=== DATA SHOWN ===
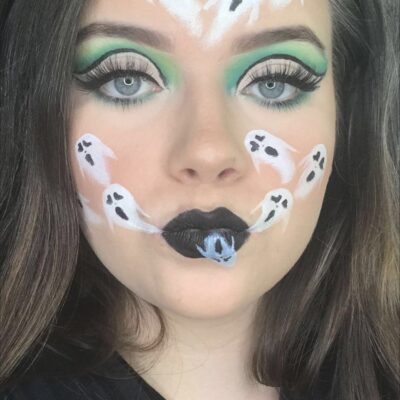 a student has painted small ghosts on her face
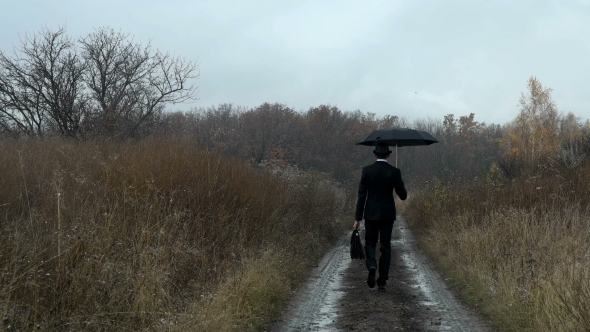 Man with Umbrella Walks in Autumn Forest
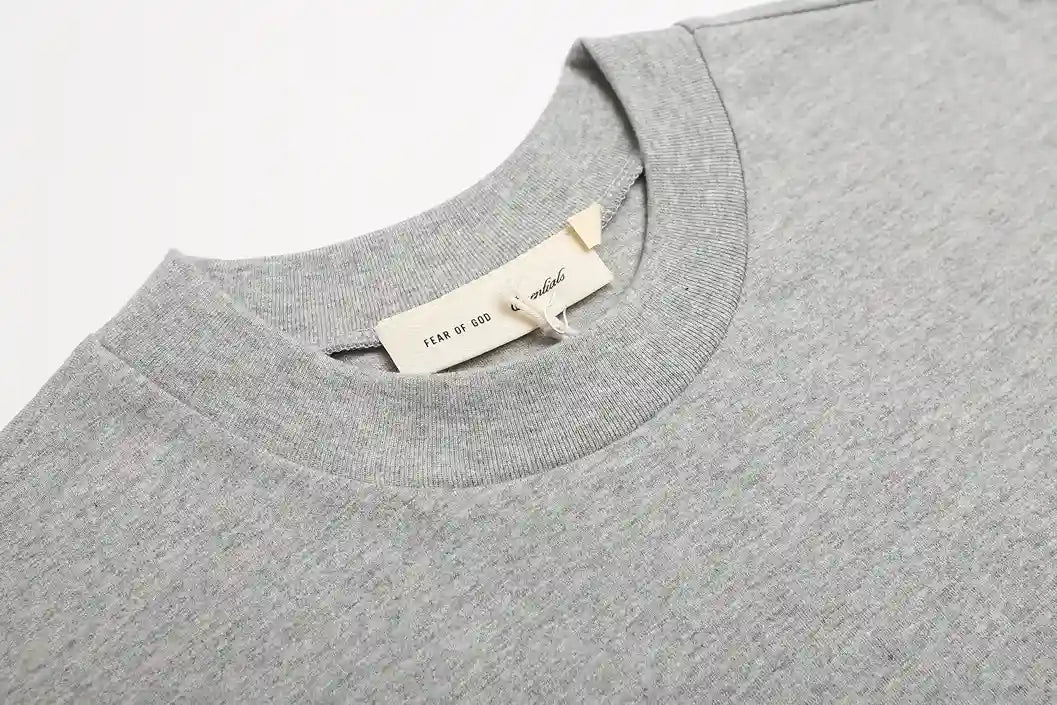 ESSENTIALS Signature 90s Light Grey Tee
===
=== DATA SHOWN ===
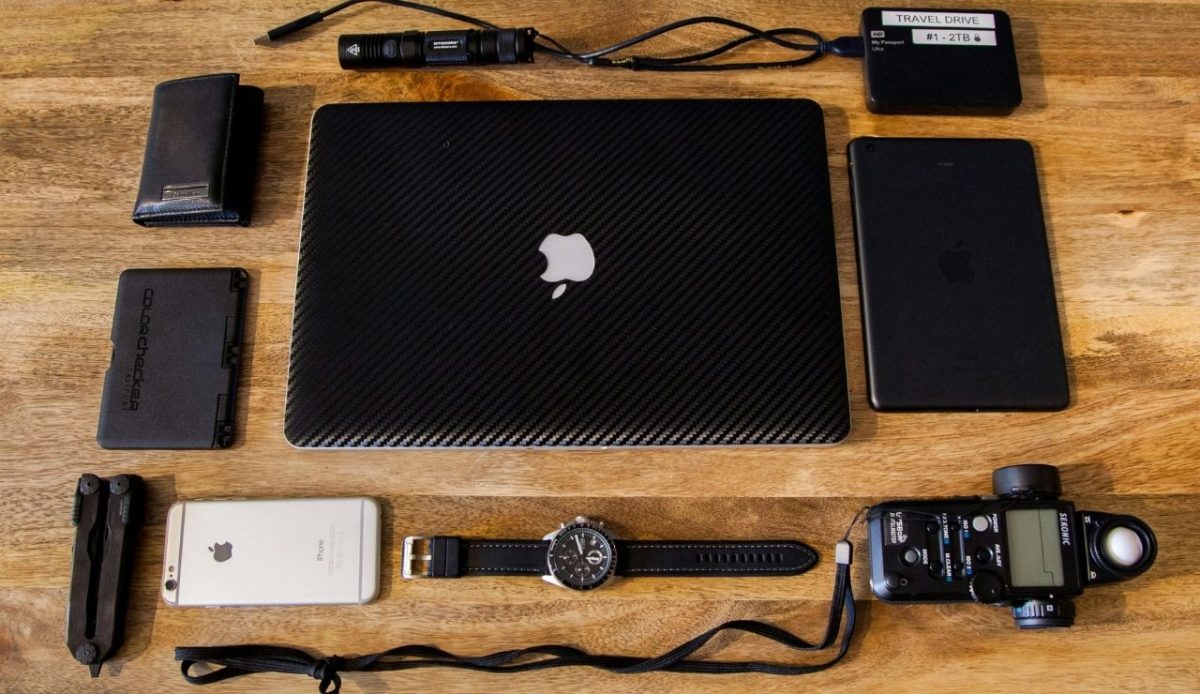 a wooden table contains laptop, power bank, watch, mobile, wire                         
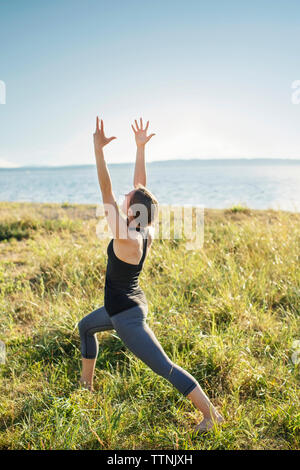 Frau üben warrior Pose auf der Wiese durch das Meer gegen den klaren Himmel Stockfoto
===
- **DIRECTIONS FOR THIS TASK**
Your answer is the exact run of lines above from the one with "a student has" through the one with "ESSENTIALS Signature 90s Light Grey Tee", both ends included, minus any picture.

- **RESPONSE**
 a student has painted small ghosts on her face
 Man with Umbrella Walks in Autumn Forest
 ESSENTIALS Signature 90s Light Grey Tee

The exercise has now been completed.